Ce qui est réel étant a fortiori possible, l'univers s’avère donc être d’abord un monde possible. Mais il n'est peut-être qu'un monde réel parmi d’autres mondes « réels » et ce, même si les autres dimensions du multivers ainsi défini ne sont pas empiriquement testables, et donc n'existent pas pour la science expérimentale. Notons que celle-ci doit pourtant se garder de les décréter inexistants en soi si elle veut rester scientifique.

 

Il apparaît de même que la cosmologie ne peut pas être dite « science » stricto sensu puisque l'univers y est conçu comme le Tout et non pas comme un objet dont se distinguerait un observateur. Cette récursivité rend d'ailleurs trivial le principe anthropique puisque l'univers visible n'est qu'un des mondes possibles. Il n'y a en effet rien de miraculeux à son existence, le raisonnement probabilitaire étant, comme l'a montré Meillassoux, inapplicable compte tenu du caractère transfini de la dissémination de l'être.
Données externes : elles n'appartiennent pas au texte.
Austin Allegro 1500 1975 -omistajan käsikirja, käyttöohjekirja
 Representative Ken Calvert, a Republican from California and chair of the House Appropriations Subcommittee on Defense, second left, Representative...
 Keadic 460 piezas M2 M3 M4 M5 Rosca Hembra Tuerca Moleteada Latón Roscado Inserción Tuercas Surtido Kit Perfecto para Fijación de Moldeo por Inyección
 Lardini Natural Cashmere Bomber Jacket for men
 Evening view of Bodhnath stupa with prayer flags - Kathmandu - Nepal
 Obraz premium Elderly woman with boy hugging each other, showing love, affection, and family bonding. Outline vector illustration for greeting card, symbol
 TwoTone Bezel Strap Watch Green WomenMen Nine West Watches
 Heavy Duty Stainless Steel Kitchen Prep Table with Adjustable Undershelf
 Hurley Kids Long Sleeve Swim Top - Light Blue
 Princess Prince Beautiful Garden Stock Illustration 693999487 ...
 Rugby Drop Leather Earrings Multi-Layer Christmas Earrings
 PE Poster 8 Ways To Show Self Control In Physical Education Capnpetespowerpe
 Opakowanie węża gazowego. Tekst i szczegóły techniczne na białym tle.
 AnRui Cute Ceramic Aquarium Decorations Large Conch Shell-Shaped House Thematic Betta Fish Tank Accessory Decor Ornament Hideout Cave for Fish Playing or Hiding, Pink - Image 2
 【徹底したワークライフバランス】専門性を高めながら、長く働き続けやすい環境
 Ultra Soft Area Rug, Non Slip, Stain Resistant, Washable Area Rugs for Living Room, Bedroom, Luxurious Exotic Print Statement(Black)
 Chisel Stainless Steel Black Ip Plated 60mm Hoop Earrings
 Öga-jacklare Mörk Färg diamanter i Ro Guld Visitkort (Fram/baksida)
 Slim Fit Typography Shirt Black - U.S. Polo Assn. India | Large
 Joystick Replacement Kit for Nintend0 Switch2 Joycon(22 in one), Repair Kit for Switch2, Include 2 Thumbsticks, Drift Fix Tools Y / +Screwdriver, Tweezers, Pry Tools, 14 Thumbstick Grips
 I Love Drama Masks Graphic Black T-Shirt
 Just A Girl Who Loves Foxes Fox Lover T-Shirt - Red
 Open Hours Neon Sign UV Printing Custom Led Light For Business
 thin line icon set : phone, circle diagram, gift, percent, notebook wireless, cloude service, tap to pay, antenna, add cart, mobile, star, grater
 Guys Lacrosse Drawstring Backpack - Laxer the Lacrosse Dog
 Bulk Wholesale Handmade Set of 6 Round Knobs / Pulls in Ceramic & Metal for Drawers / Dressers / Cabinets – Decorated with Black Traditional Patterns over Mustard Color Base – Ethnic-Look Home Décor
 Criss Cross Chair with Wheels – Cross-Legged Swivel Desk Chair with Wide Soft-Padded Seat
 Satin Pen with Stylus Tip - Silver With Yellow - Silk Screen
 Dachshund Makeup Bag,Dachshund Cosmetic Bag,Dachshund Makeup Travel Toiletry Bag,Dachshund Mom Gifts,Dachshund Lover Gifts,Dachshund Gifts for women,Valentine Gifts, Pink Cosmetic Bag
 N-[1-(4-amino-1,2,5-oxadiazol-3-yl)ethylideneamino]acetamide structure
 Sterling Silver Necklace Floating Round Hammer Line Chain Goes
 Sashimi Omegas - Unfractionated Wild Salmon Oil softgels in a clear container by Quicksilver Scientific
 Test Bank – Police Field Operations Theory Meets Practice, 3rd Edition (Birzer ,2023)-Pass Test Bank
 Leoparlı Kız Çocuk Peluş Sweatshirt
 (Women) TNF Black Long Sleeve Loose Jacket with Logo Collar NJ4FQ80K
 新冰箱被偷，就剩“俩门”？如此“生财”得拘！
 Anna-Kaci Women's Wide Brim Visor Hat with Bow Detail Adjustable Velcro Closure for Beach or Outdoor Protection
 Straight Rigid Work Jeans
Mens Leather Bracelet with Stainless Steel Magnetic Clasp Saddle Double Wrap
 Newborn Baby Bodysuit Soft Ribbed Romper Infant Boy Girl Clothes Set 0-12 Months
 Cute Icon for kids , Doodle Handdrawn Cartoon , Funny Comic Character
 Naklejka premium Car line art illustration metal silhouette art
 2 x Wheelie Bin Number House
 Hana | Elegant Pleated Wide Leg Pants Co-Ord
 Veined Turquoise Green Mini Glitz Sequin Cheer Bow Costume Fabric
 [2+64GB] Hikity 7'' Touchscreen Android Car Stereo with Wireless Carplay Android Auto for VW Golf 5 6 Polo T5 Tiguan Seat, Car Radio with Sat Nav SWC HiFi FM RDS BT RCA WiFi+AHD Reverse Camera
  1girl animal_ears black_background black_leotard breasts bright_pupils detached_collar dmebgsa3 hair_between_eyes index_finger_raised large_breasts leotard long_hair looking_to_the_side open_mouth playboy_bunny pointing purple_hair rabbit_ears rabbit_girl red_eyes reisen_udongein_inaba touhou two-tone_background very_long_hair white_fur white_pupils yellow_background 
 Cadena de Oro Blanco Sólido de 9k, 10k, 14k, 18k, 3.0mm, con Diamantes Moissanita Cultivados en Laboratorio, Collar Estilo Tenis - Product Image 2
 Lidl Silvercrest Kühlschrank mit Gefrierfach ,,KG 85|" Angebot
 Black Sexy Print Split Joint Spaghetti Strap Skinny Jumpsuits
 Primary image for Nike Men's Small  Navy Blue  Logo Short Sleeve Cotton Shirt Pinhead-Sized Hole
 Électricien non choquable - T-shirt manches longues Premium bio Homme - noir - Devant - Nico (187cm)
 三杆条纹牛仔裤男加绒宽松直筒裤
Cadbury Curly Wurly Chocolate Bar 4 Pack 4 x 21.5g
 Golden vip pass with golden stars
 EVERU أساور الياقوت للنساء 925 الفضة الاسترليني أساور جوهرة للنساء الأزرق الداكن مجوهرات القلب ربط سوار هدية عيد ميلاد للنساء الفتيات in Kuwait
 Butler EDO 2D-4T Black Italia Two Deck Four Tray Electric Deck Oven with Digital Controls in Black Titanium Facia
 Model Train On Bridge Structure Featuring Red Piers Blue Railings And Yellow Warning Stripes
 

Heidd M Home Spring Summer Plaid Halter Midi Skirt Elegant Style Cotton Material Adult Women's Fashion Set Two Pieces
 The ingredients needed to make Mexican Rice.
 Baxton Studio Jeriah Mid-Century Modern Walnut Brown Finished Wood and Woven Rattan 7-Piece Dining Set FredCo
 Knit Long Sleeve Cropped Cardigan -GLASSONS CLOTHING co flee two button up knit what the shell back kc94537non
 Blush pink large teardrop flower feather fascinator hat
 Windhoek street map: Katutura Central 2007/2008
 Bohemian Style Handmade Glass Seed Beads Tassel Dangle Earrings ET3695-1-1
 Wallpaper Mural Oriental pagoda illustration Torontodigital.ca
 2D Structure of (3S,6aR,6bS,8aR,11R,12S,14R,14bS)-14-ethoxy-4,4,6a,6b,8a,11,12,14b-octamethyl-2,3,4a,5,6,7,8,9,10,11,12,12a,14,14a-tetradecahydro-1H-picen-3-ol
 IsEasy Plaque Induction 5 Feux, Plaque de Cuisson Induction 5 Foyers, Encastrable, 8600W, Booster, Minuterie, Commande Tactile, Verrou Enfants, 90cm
Ce qui se dit aussi, sous forme d’évidence : le monde dans lequel nous sommes requiert qu'il soit un monde dans lequel il est possible que nous soyons.

 

Car admettre qu'il n'y a qu'un nombre fini de mondes où nous puissions vivre, c'est-à-dire qu'il n'y a qu'un nombre fini de mondes possibles qui puissent être réels (au sens scientifique, c’est-à-dire empirique), n'implique de toute façon pas que les autres mondes ne peuvent pas exister ni même n'existent pas en dehors de notre capacité de perception (donc : ni même n'existeront pas dans le futur), mais simplement que l'on ne pourrait ou ne pouvons pas les percevoir. Ce n'est qu'au sein d'un univers déterminé (par exemple, le nôtre) que le principe de raison a un sens. Pas au-delà. Par conséquent, la facticité du caractère tel ou tel des lois naturelles a pour raison ultime notre propre facticité. Mais la raison ne s'y limite pas.

 

Affirmer le contraire relèverait du corrélationisme dont la naturalisation de l'épistémologie est une tendance. En ce sens, l'argument de l'archifossile (qui est fossile à l’intérieur d'un monde déterminé, le nôtre) implique aussi comme corollaire qu’il est nécessaire que puissent exister des mondes possibles. Il suffit que ceux-ci soient non-contradictoires (réquisit de l'apparaître pour nous), id est pensables sans nous, c’est-à-dire sans la contrainte de notre existence factuelle et des lois naturelles corrélatives. Il n’est cependant pas moins possible qu’existent en acte des univers imperceptibles pour nous.

 

Ainsi, en plus de l’infinité intotalisable des mondes possibles, notre univers s’avère être, en droit, élément d’un multivers constitué d’une infinité inclôturable de mondes ou d’univers en acte, parallèles ou successifs, même si, en fait, le nombre d'éléments de ce multivers peut, sans raison aucune, se révéler être égal à 1. En effet, Dieu, ici, est sans avocat.

 

Or, que ce nombre soit égal à 1 (et quelles qu’en soient pour lui les raisons éventuelles : principe anthropique etc.) est l’unique possibilité pensable selon le physicien et donc aussi la seule qu’il retienne. N’appert-il donc pas que la connaissance du réaliste spéculatif lui est supérieure, de même qu’elle l’est à celle du kantien, qui la considère comme l’unique connaissable, si ce n’est la seule pensable ?

 

Bref, le domaine ontique est distinct de celui de l'ontologie ; l'univers physique n'est pas l'être-en-tant-qu'être. Et ce n’est pas disqualifier la science que de le rappeler, ni même quitter le devenir. Il s’agit plutôt d’une humilité anthropologique puisque l’on n'absolutise plus, par le biais du principe de raison suffisante, la facticité des lois naturelles.

 

Contrairement à l’astrophysique, la cosmologie qui confond un tout avec le Tout, c’est-à-dire méconnaît Cantor et les cardinaux transfinis, n’est-elle donc qu’une doctrine métaphysique, un dogmatisme dépassé usant de modèles abusivement hypostasiés, voire une pseudo-science ou même un discours de type religieux ? Finalement, la physique comme telle serait-elle incohérente à parler, sous le vocable de « Big Bang » par exemple, de création ex nihilo ?

 

Commentaires

"Ce que les peintres, ce que les philosophes ont fait subir à Dieu représente, ou bien la peinture comme passion, ou bien la philosophie comme passion. Les peintres font subir une nouvelle passion au corps du Christ : ils le ramassent, ils le contractent ... La perspective est libérée de toute contrainte de représenter quoi que ce soit, et c'est la même chose pour les philosophes.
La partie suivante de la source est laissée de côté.